The day was nearly over, but it wasn’t quite finished with providing us with memories yet. Just when we thought we really couldn’t add anything else to an already incredible day, we came across a large herd of elephants. Ben estimated there to be more than a hundred of them, and again, I wouldn’t argue with his estimation. We pulled over to get a few more pictures and we spotted a large, very old bull. Ben told us that he was known to the guides and that he had been there for many many years. While we sat and watched, another elephant approached the old bull and the two squared off face to face. We were then privileged enough to watch these two creatures greet one another like old friends. Their trunks intertwined with one another and they touched their foreheads as well. The ritual went on for several minutes and you could almost sense the respect and affection that the two elephants had for one another. it was a simple moment that I’ll always remember.

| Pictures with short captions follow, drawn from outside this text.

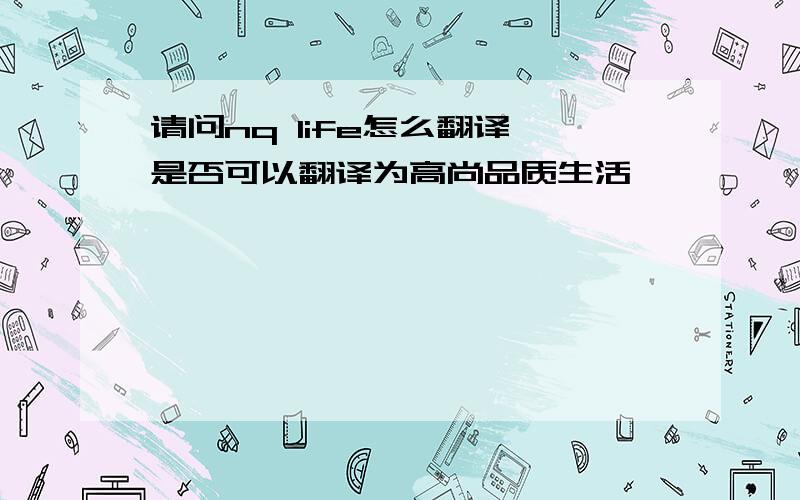 请问nq life怎么翻译,是否可以翻译为高尚品质生活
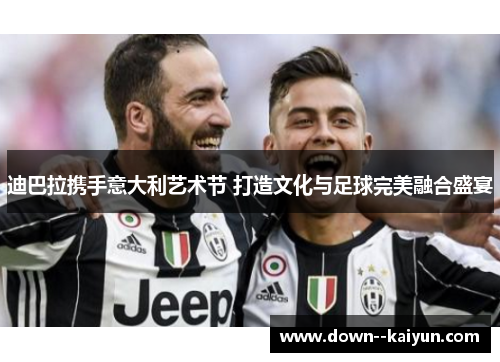 迪巴拉携手意大利艺术节 打造文化与足球完美融合盛宴 迪巴拉携手意大利艺术节 打造文化与足球完美融合盛宴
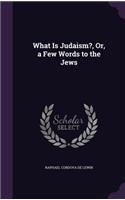 What Is Judaism?, Or, a Few Words to the Jews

Finally, we returned to camp, our amazing day coming to an end. After dinner, we stayed up a little later, playing a Tanzanian card game that resembles Uno and chatting and laughing into the night. When we went to bed that night, there were a half-dozen elephants less than a hundred yards from the campsite, once again reminding me why I elected to camp rather than stay in a lodge. What an amazing day!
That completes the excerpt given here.